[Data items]
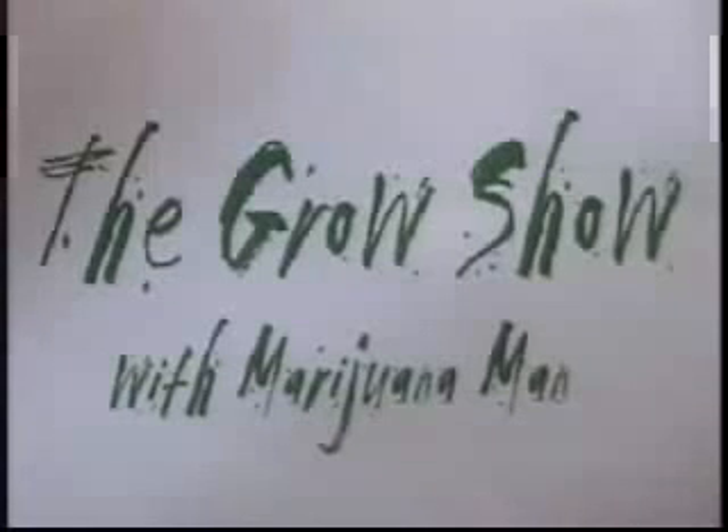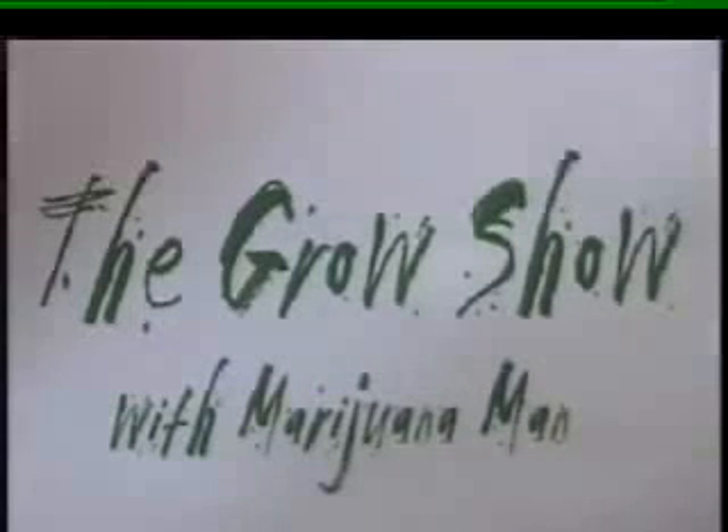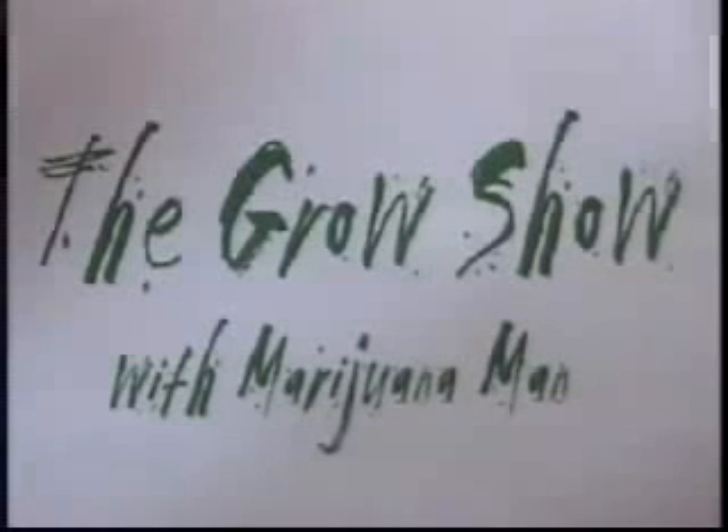Do you ever feel like you want to taste some sweet smoke? Do you ever feel like you want to get high? Here in cyberspace you can now get a free toke, and it's no joke — it's called Pot TV, it's on the line. Do you ever feel like you want to taste great toke? Do you ever feel like you want to kiss the sky? Here in cyberspace you can now get some free tokes, and it's no hoax — it's called Pot TV, and it's on the line. It's called Pot TV, it's on all the time.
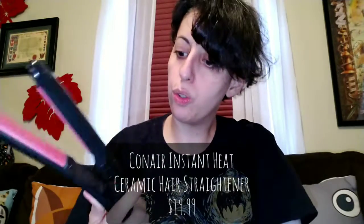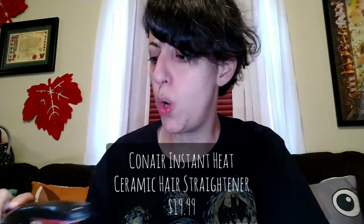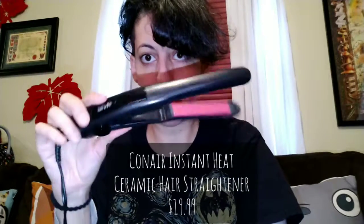This is the Con Air flat iron — it's like slightly curved as you can see. It wasn't very expensive, fairly inexpensive. It's only about an inch wide plate but it works. As you can see, pretty quickly on my hair — I only did one pass and it's already starting to smooth very nicely. I don't like to stay on too long but I also don't like to do too many passes.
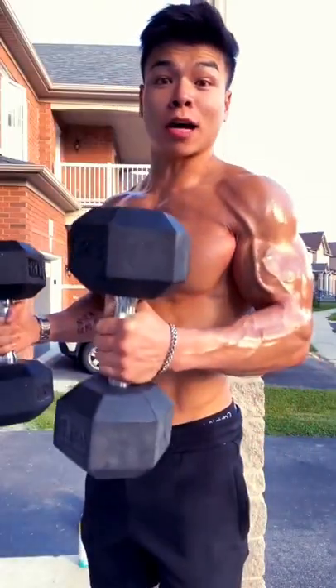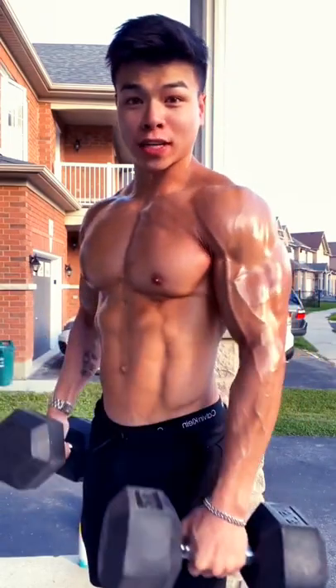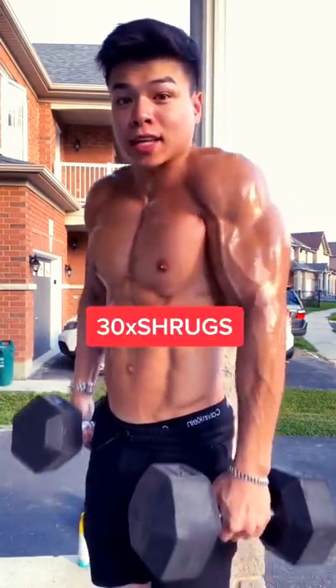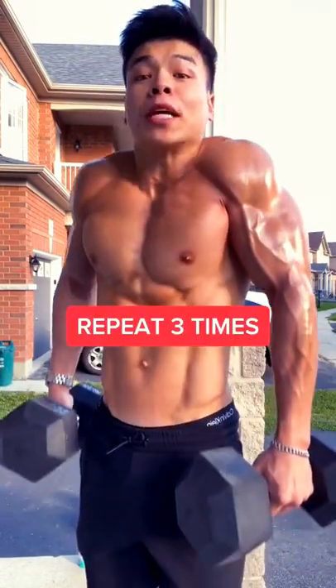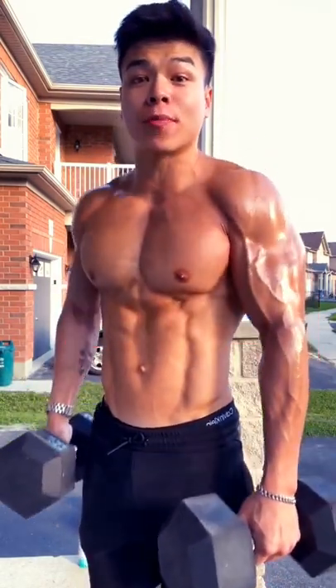Here's my favorite superset to grow those traps. You'll need two heavy dumbbells or plates. Do 30 reps of shrugs, and after the 30, hold the last rep for 30 seconds. Repeat the superset three times with a two-minute break in between.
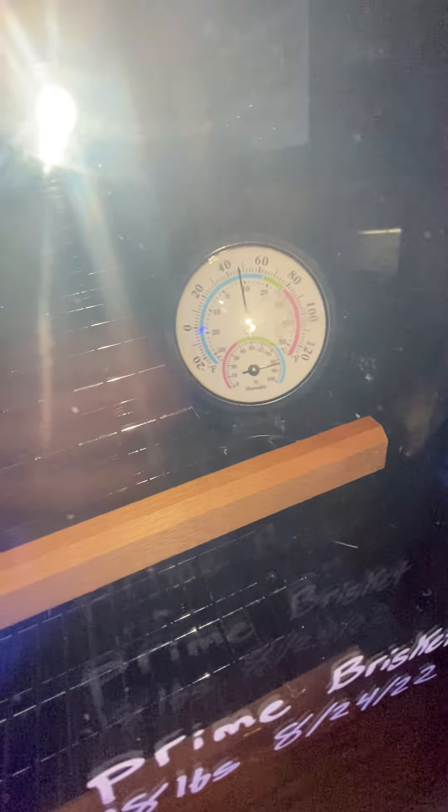As you can see right now, I'm actually reading 80% on my digital one, and I'm reading just a little above on my manual barometer over here. Pretty much that's it.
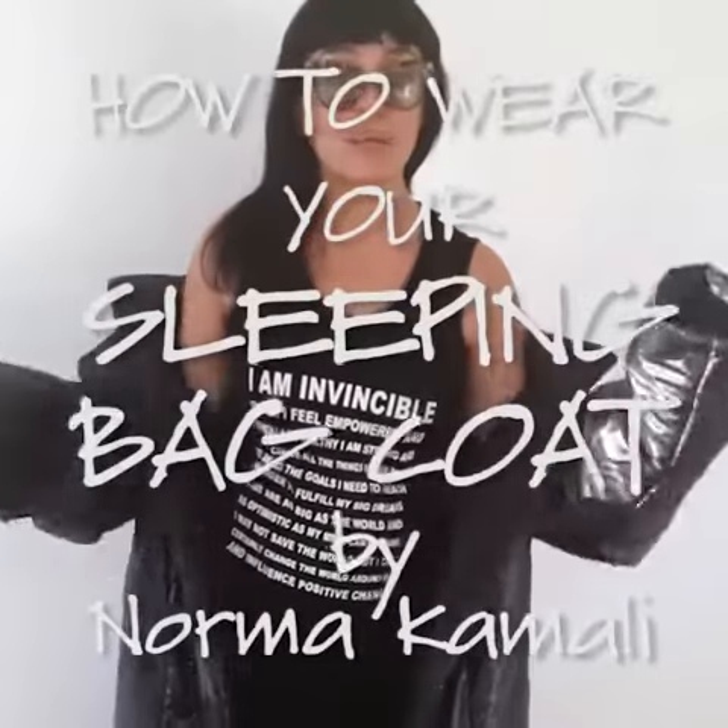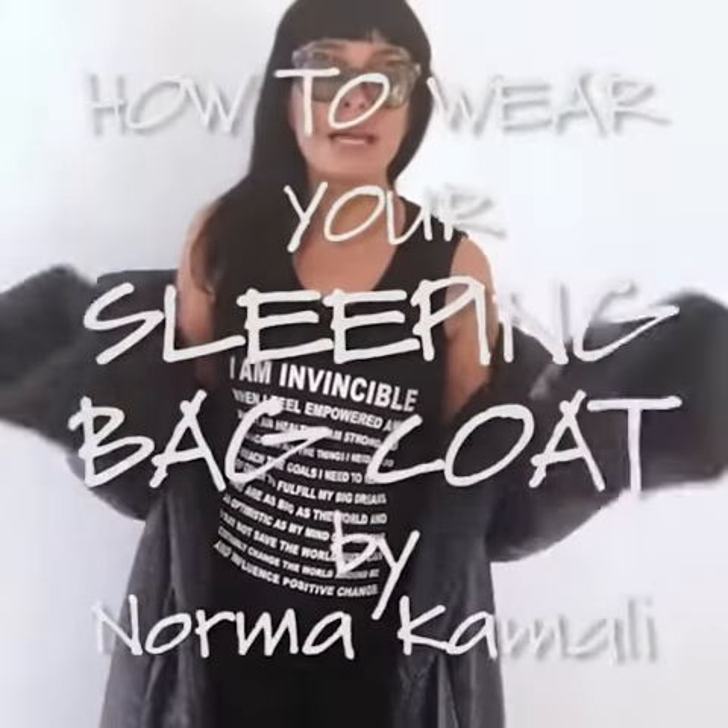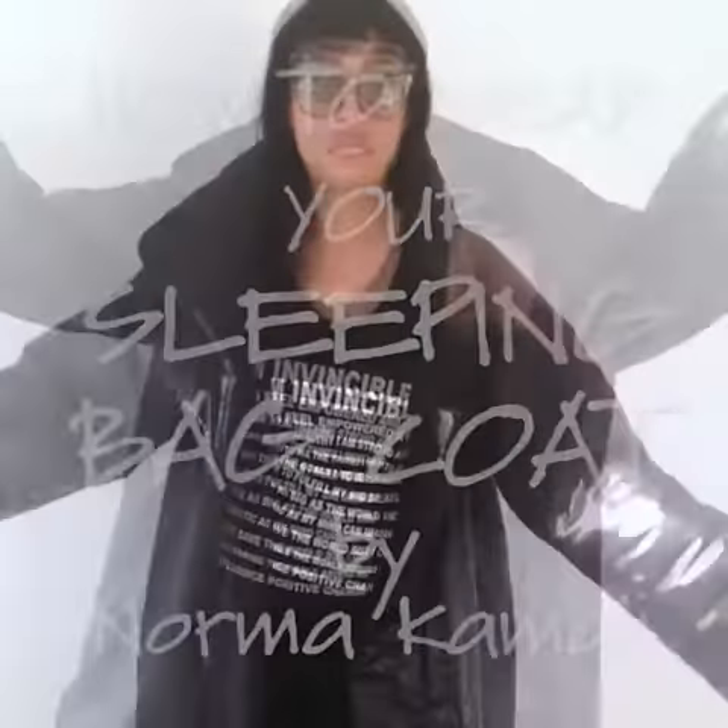The Sleepy Bag Coat is sort of a one-size-fits-all concept, so men and women can wear it. The sleeves are extra, extra long, so you need to roll them up to fit your arm length.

What you need to do => Write out the data once more exactly, omitting the pictures.

Result =>
Do you ever feel like you want to taste some sweet smoke? Do you ever feel like you want to get high? Here in cyberspace you can now get a free toke, and it's no joke — it's called Pot TV, it's on the line. Do you ever feel like you want to taste great toke? Do you ever feel like you want to kiss the sky? Here in cyberspace you can now get some free tokes, and it's no hoax — it's called Pot TV, and it's on the line. It's called Pot TV, it's on all the time.
This is the Con Air flat iron — it's like slightly curved as you can see. It wasn't very expensive, fairly inexpensive. It's only about an inch wide plate but it works. As you can see, pretty quickly on my hair — I only did one pass and it's already starting to smooth very nicely. I don't like to stay on too long but I also don't like to do too many passes.
Here's my favorite superset to grow those traps. You'll need two heavy dumbbells or plates. Do 30 reps of shrugs, and after the 30, hold the last rep for 30 seconds. Repeat the superset three times with a two-minute break in between.
As you can see right now, I'm actually reading 80% on my digital one, and I'm reading just a little above on my manual barometer over here. Pretty much that's it.
The Sleepy Bag Coat is sort of a one-size-fits-all concept, so men and women can wear it. The sleeves are extra, extra long, so you need to roll them up to fit your arm length.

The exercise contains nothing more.